The game belongs to a class, some members of which have been completely solved, others, of which this is one, have not [7]. Its interest to us is that it embodies several levels of strategy and can be made arbitrarily small or large. The scalability of the game provides a platform on which local strategies found valid in small but non-trivial examples of the game are also valid in multiple contexts on larger examples. It is envisaged that the propagation of such strategies to larger games may provide a means of quickly constructing a system capable of reasonable play on these large instances. Human players (usually children: this is not a difficult game) have several different strategies, discussed in section 2.2. It is also advantageous that these strategies can be ranked according to the degree of temporal lookahead they exhibit, and the extent to which position evaluation is restricted spatially.

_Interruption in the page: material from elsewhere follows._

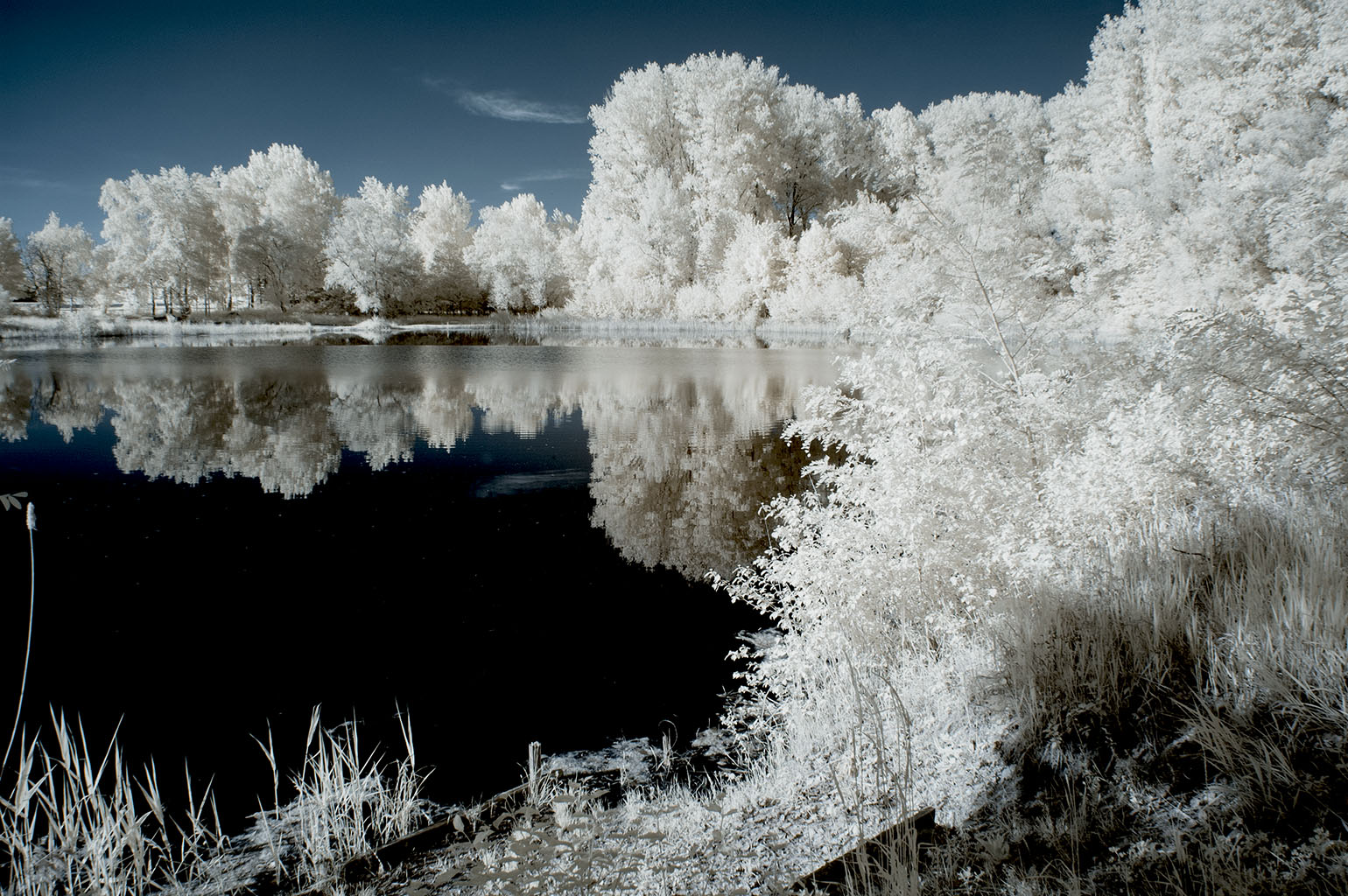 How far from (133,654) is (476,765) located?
138 inches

Additionally, we can not only clearly enunciate the strategies, but we can use simple heuristics to generate networks and training sets for supervised learning. Thus we can compare the performance of the genetic algorithm with clearly defined alternatives.

Our ALife player is a neural network. In the results discussed here, the training of the network is accomplished through simple evolution. In game strategies in general, feedback is a win/lose alternative at the end of many moves. Direct feedback on a move by move basis would require injecting move criteria, thus in some ways training the net to behave in the way we think that the game should be played. However, in the present game we can provide precise feedback at every move against a player with a fixed lookahead (which, as discussed below, correlates well with human strategies).

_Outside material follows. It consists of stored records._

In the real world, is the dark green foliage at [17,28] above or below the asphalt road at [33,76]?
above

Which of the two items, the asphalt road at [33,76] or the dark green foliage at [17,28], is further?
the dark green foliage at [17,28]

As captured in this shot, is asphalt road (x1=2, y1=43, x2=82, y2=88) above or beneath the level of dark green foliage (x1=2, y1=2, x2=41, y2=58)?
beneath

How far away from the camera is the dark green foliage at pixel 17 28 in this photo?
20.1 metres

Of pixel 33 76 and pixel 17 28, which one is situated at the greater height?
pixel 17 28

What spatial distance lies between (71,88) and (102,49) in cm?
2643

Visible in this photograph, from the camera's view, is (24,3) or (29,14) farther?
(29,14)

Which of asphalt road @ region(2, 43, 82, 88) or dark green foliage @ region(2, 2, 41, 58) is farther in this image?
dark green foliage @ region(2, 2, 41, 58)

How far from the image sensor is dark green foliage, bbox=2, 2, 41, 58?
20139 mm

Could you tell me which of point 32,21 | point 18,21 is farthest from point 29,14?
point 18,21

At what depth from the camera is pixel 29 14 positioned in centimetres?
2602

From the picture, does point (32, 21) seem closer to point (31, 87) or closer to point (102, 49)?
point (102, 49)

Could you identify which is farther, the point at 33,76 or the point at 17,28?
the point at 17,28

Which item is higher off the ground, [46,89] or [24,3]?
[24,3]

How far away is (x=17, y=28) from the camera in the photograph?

2 The Game of Dots and Boxes

There are two forms of this game, one of which has been solved analytically [6]. The other, which has one rule fewer, is described below and has been analysed by Nowakowski [8]. We concern ourselves only with this more general and unsolved form.

2.1 Rules

The game is played between two players on a rectangular array of dots. A game is measured by the number of boxes the grid has horizontally and vertically, each is marked with a dot on every vertex.

The players take turns in making legal moves, where a legal move consists of joining two horizontally or vertically adjacent dots which were previously unjoined. A player may not “pass” on a move, that is, each move must involve the joining of two dots. As an example, two players might start the game with the moves shown in Figure 1.

        ._. . .                ._. . .
        . . . .Ψ               . . ! .
        . . . .Ψ               . . . .

      ΨPlayer 1       =>      Player 2
Figure 1: The first two moves of a game.

When a player completes the fourth side of a box they score a point and must then make another move. A player who can complete a box is not obliged to do so. The analysis is simplified considerably if players are obliged to complete boxes, and this was the form solved by Holladay [6].

The game ends when there are no legal moves available, ie: there are no unjoined vertically or horizontally adjacent dots left. The winner is the player to have completed the most boxes (scored the most points). Since there may be an even number of boxes in the array of points, it is possible for the result to be a tie.

2.2 Human Strategies

We can distinguish several levels of strategy in the game:

  • Level 0 — Random Play. This corresponds to zero temporal levels of lookahead, and no spatial analysis beyond whether a given move is legal.

  • Level 1 — Box Completion. This corresponds to one temporal level of lookahead; the position of a hypothetical edge is tested to see if it creates a box. This strategy has a spatial limitation wherein the analysis is confined to a window of just one box at a time. Despite being simple, this strategy is quite successful, defeating a random opponent in 99.63% of games (based on a sample of ).

  • Level 2 — Third Side Avoidance. This requires two lookahead steps, but is spatially still localised to one box; moves which do not complete a box and would allow the opponent to are avoided. This strategy will defeat a random opponent in 99.69% of games, and one using the box completion strategy in 83.83% of games.

  • Learning to Optimally Concede Boxes. The lookahead and locality are now undefined. As the number of possible boxes increases, both the level of lookahead and the spatial window need to increase in order to see a set of multiple boxes. At the individual move level, just taking one box at a time will collect all available boxes. However, determining which set of multiple boxes to allow the opponent to complete requires greater temporal and spatial analysis.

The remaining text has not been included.